[Start of Attachment]
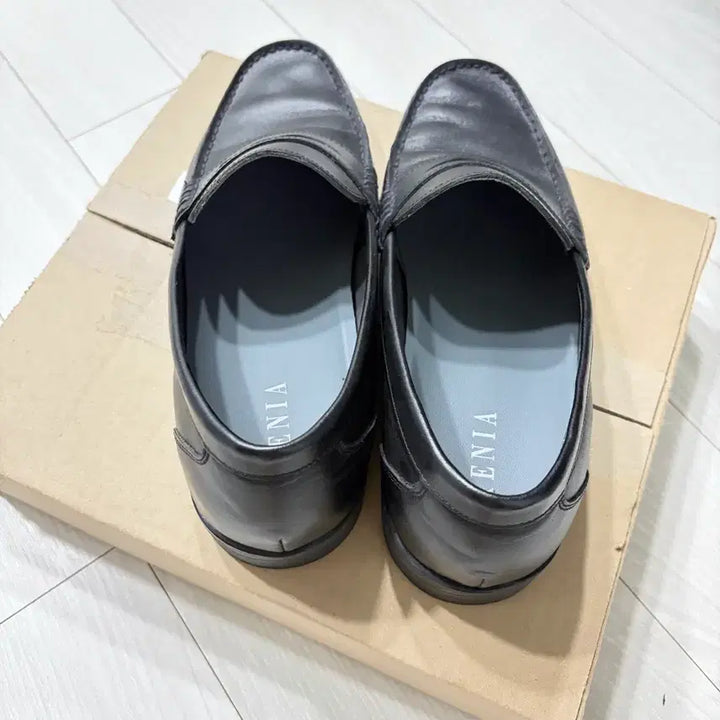 [BUNJANG] XENIA Black Leather Loafers 255mm / XENIA 제니아 블랙 가죽 로퍼 255mm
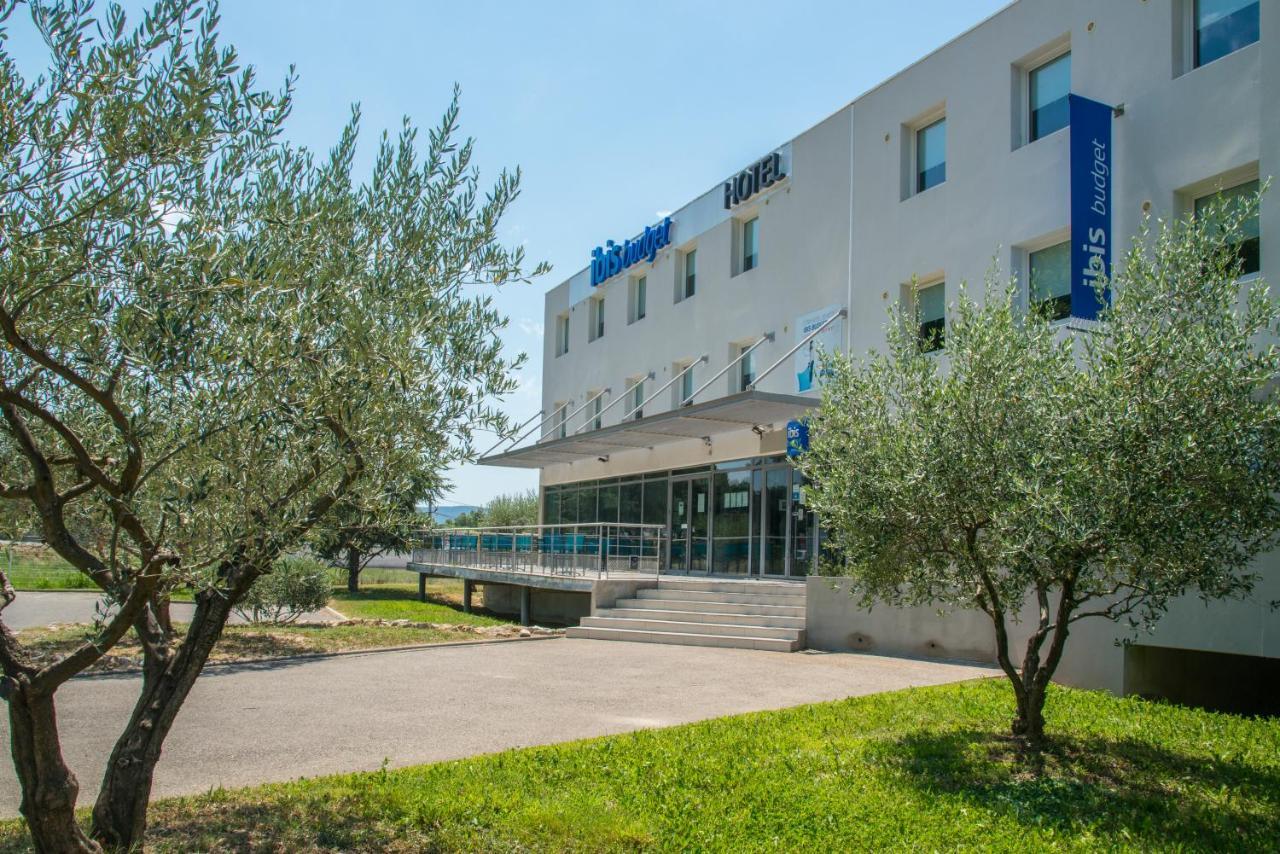 Ibis Budget Pertuis Portes Du Luberon Luaran gambar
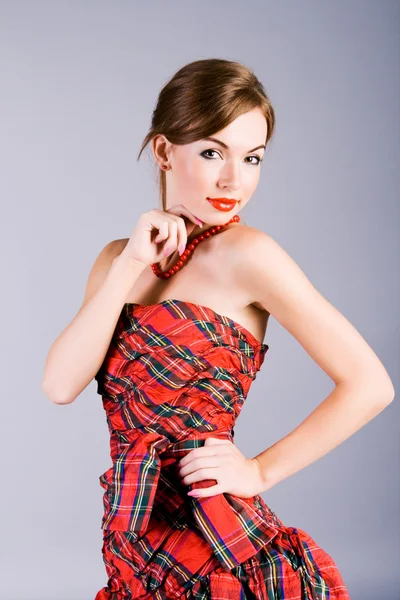 Jeune fille attrayante en robe rouge — Photo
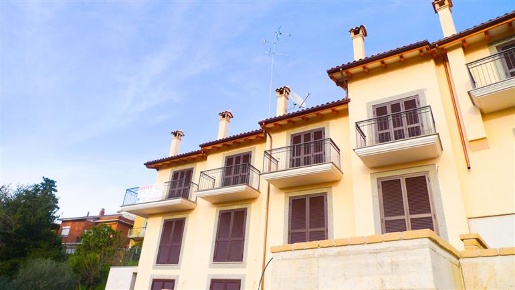 Foto Villa a schiera in Via Della Villa 32, Formello di 110 m² con 7 locali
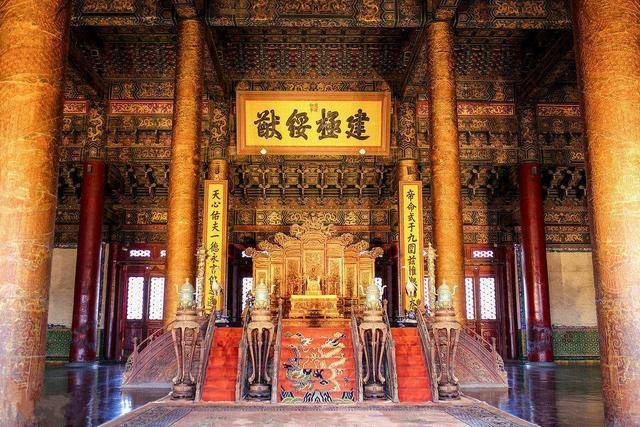 另外还有一种说法是,故宫的四道城门与位于正中间的太和殿构成了一个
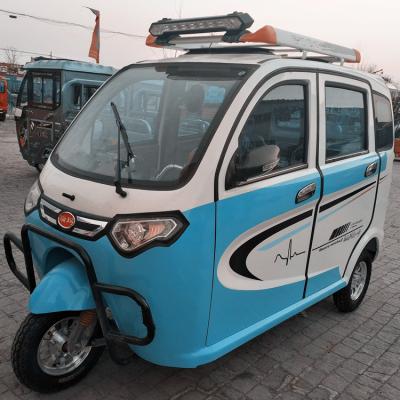 Tricycle couvert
[End of Attachment]
- _WORK INSTRUCTION_: Write out the records in full and exactly, omitting the pictures they hold.

- _COMPLETED TASK_:
 [BUNJANG] XENIA Black Leather Loafers 255mm / XENIA 제니아 블랙 가죽 로퍼 255mm
 Ibis Budget Pertuis Portes Du Luberon Luaran gambar
 Jeune fille attrayante en robe rouge — Photo
 Foto Villa a schiera in Via Della Villa 32, Formello di 110 m² con 7 locali
 另外还有一种说法是,故宫的四道城门与位于正中间的太和殿构成了一个
 Tricycle couvert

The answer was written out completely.